(INPUT):
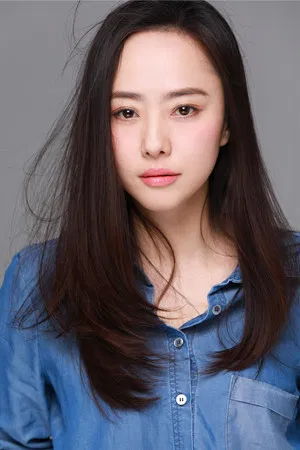 Liu Yuanyuan photo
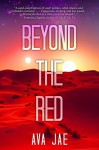 Beyond the Red - Jae, Ava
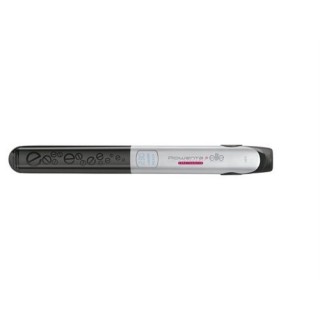 Rowenta SF4532 Liss&Curl Keratin Shine Saç Düzleştirici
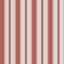 Red/Sand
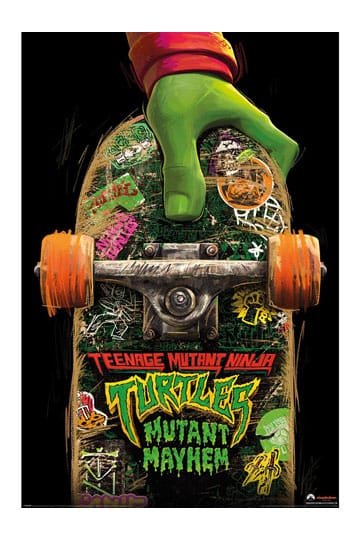 Supreme Smurfs Skateboard Red  Skateboard wall art, Supreme skateboard,  Skateboard decks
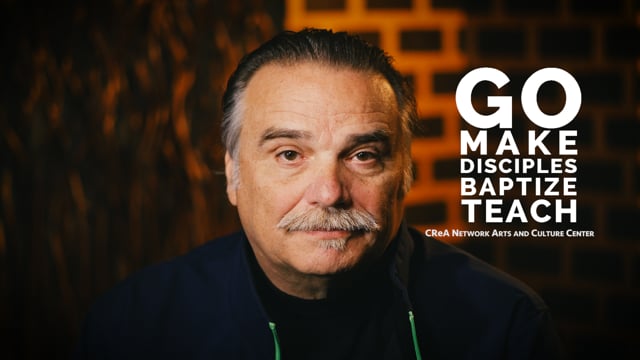 video image
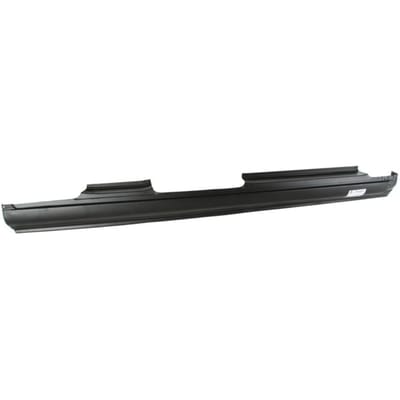 Dorpel BLIC 6505-06-3164012P rechts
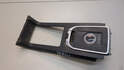 Кулиса кпп Land Rover Discovery Sport 2014-2022 - 21369037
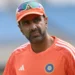 ధోని ఉండగా.. కోచ్‌గా మరొకరు ఎందుకు?: అశ్విన్‌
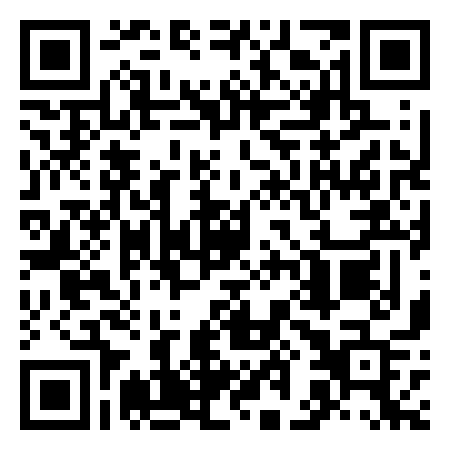QR Code de CAMPO SPORTIVO SANTA RUFINA GIANPAOLO COLANTONI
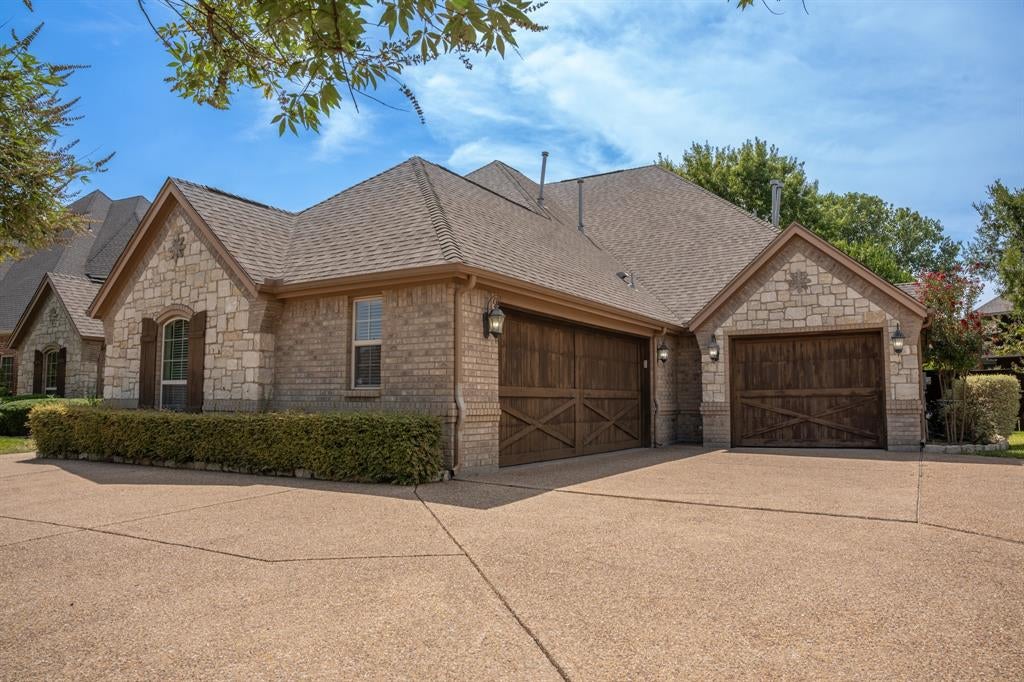 502 Lismore Dr, Mansfield, TX 76063 photo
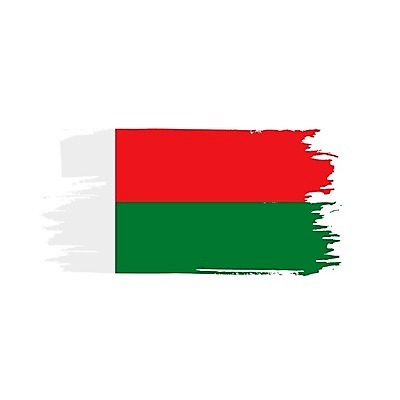 EPS 해외이미지 전통 디자인 배너 리본 문화 물결 파도 여행 백그라운드 패턴 일러스트 아프리카 장식 빨간색 세계 흰색 깃발 선택 심볼 사인 웨이브 애국심 고립 독립 마다가스카르 신분증 전국 정부 정치 정확 해외202004 해외일러스트 나라 바다 컬러 컨셉 무늬 증명서 파일형식 벡터 이미지허브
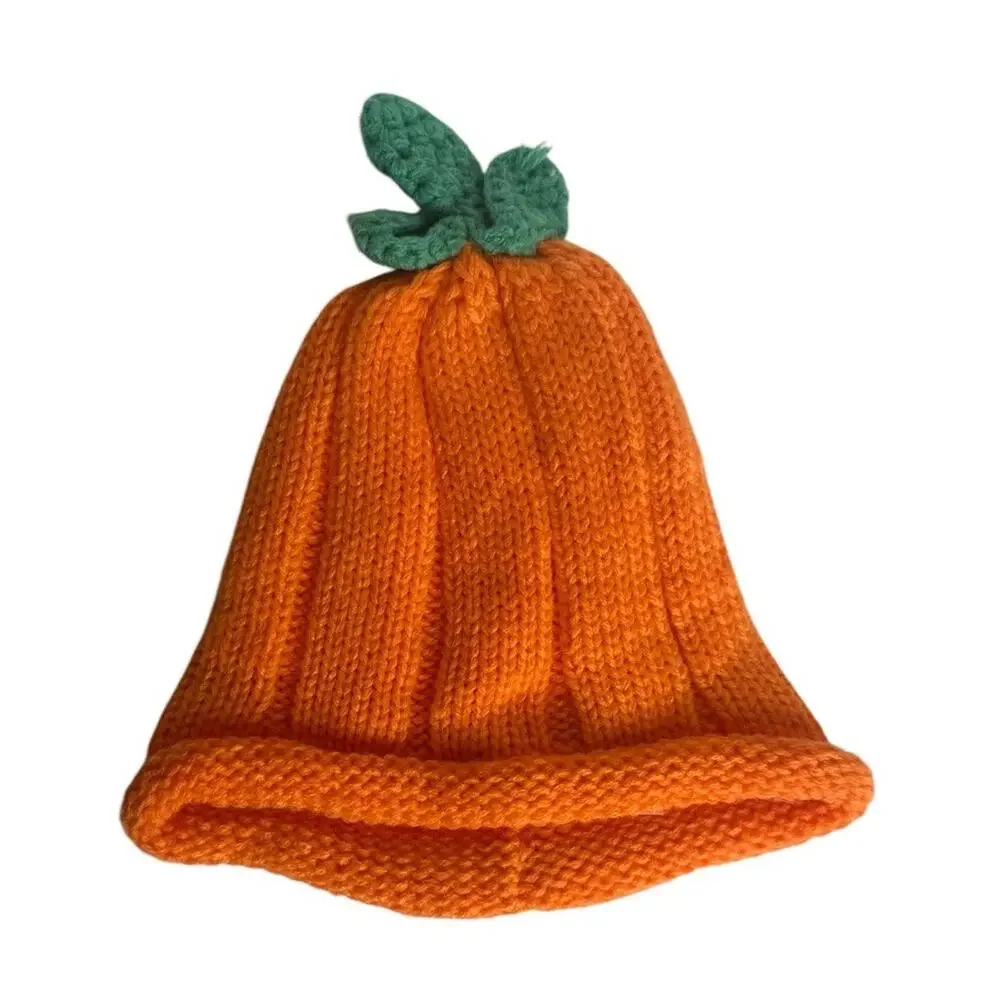 Carters Girls Daddy Under My Spell Halloween Bodysuit Pumpkin‎ Hat Booties 3-6M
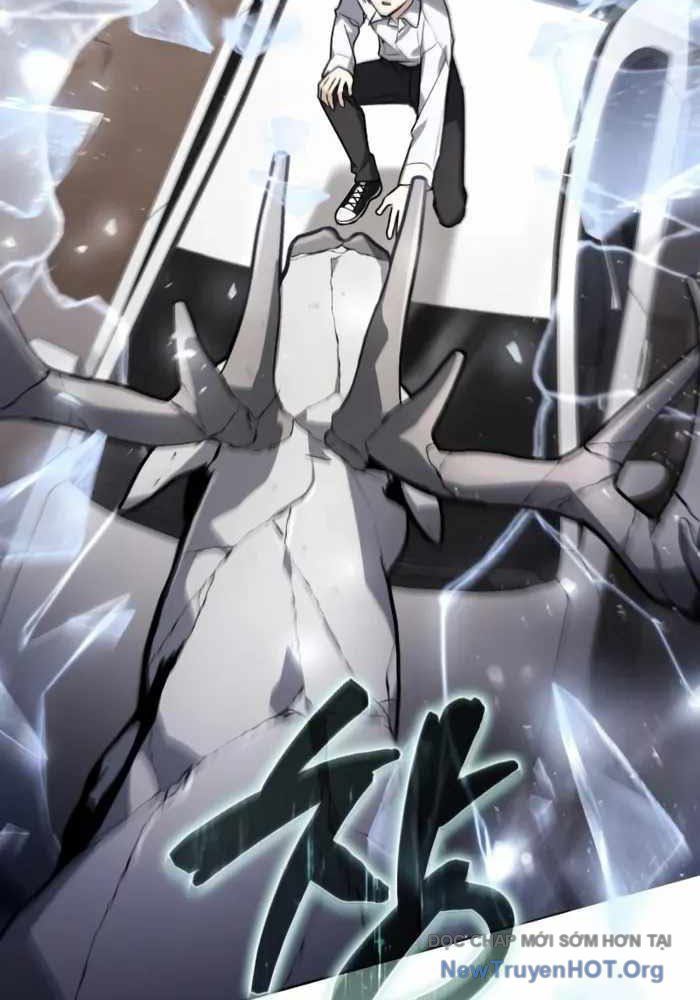 Đa Sắc Ma Pháp Sư Thiên Tài - Chapter 45 - Page 65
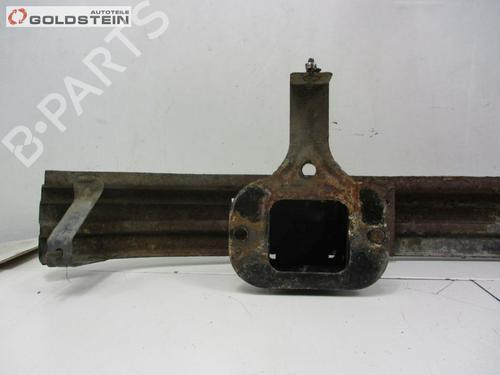 Køfangervange PEUGEOT 807 (EB_) 2.0 | BP37107227C73 - Image 3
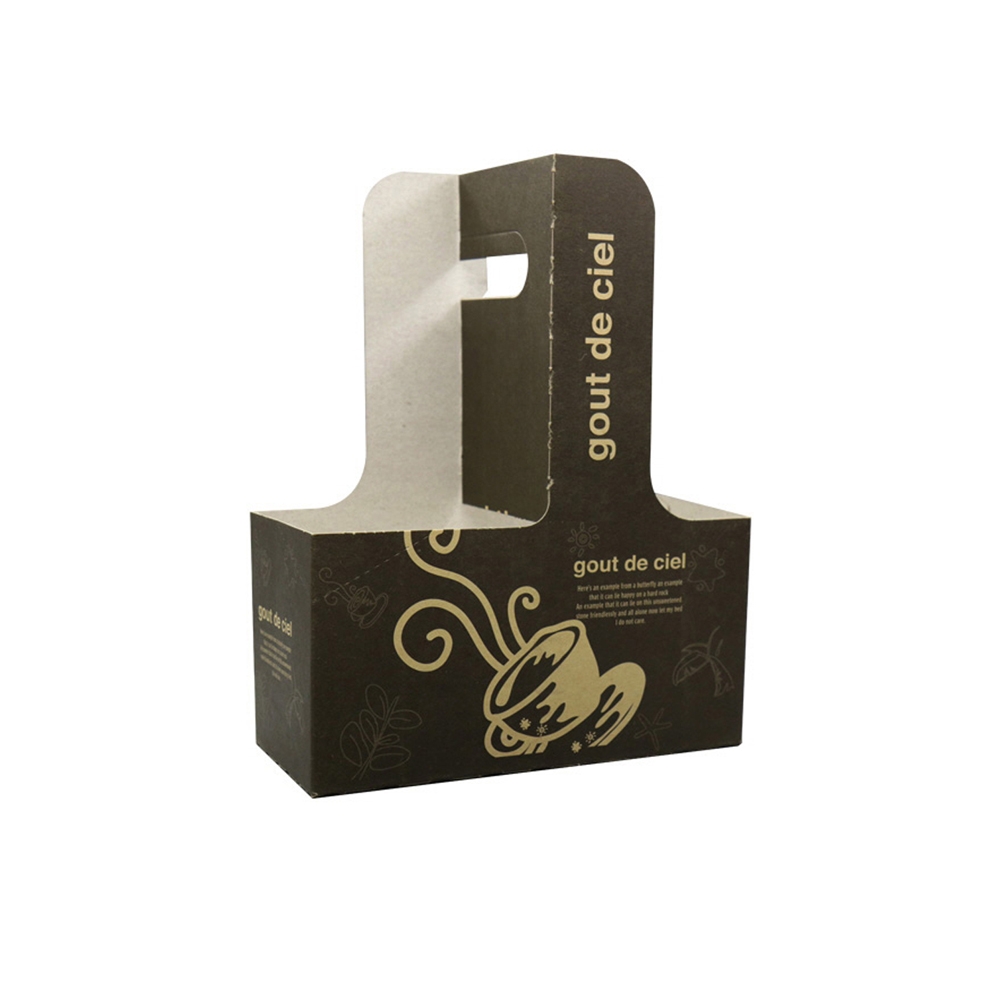 캐리어(커피잔 블랙)-400g 1box(200개입)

(EXERCISE BRIEF): Leaving the pictures out, give again word for word each line from the one holding "Carters Girls Daddy" through the end of the records.

(ANSWER SECTION):
 Carters Girls Daddy Under My Spell Halloween Bodysuit Pumpkin‎ Hat Booties 3-6M
 Đa Sắc Ma Pháp Sư Thiên Tài - Chapter 45 - Page 65
 Køfangervange PEUGEOT 807 (EB_) 2.0 | BP37107227C73 - Image 3
 캐리어(커피잔 블랙)-400g 1box(200개입)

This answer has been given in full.